Howard Wainer

Is judging teachers based on student's test scores fair?

Some ideas only make sense if you say them fast. The currently trendy notion of assessing and comparing teachers based on the change in the test scores of their students is one of these.

The basic idea seems eminently reasonable -- students take a test in the beginning and at the end of an academic year and the teacher is rated based on the average gain (suitably adjusted) in those scores; this is the teacher's 'value-added' (VAM) score. Teachers with a high value-added score receive high ratings, and are duly rewarded. Teachers with low VAM scores are slated for mentoring, and, if no serious improvement occurs, reassignment or dismissal.

So what's the problem? Actually there are a number of knotty technical and logical issues that have yet to be solved. An especially tough one deals with issues surrounding the measurement of the extent of the causal connection between the teacher and the score change. This issue haunts all procedures whose principal goal is to assign credit or blame. Why would we believe the causal implication of "Freddy gained ten points because he had Ms. Jones" when we wouldn't believe "Freddy grew four inches points because he had Ms. Jones?" Obviously changes in student performance have many plausible causes, not all of them under the control of the teacher.

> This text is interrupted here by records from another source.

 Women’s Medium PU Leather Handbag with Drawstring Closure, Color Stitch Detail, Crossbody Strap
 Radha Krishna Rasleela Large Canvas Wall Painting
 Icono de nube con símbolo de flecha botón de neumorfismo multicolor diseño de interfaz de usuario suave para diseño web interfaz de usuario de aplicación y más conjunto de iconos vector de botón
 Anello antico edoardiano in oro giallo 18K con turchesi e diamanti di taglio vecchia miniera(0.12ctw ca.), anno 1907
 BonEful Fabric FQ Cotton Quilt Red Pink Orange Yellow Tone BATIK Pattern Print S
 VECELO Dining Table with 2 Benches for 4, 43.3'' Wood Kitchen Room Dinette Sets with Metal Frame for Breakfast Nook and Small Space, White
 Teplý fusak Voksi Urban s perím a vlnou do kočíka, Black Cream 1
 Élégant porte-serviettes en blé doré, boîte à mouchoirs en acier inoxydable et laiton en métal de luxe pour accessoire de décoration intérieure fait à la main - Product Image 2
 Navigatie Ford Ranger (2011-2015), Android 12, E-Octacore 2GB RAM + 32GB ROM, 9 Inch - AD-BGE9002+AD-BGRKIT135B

But the issue that is especially relevant to STEM courses relates to the load that VAM places on tests and the psychometric theory that scores them. Since the focus is on the gain score, to make comparisons between teachers we must believe that a gain from a score of, say, 20 to 30 has the same meaning as a gain from 90 to 100. While this could be close to plausible with very well designed tests for the same subject and grade, who would believe this if one student took an arithmetic test and another one in pre-calculus? Some believe that this problem of test scoring can be resolved if instead of test points we use the change in the student's rank among fellow students - this is the basis of the so-called "Colorado Growth Model" that is currently favored in Colorado, Hawaii and New Jersey, among others. But student ranks are based on the other students who take that exam. Students who take STEM courses tend to be of higher caliber than students who don't, and hence they are competing in a faster field. This would obviously disadvantage teachers of STEM courses.

But if comparing teachers and students in courses on the same subject (e.g. mathematics) is problematic, how can we make cross-course comparisons? Is your ten-point gain in French equal to my ten-point gain in physics? Was Einstein a better physicist than Mozart was a musician?

It is this cross-course comparison problem that is also likely to cause difficulties for STEM teachers. Again, how can we compare the test score gains for exams in STEM courses with student score gains in less demanding courses? If we compared physicians by their patients' cure-rates who would go decide to go into oncology or gerontology?

Of course such problems would be eased if comparisons were only made among teachers who taught the same course, but such an approach is of such narrow utility, given that in most schools there is often only a single teacher for advanced technical courses, that it is unlikely to be adopted.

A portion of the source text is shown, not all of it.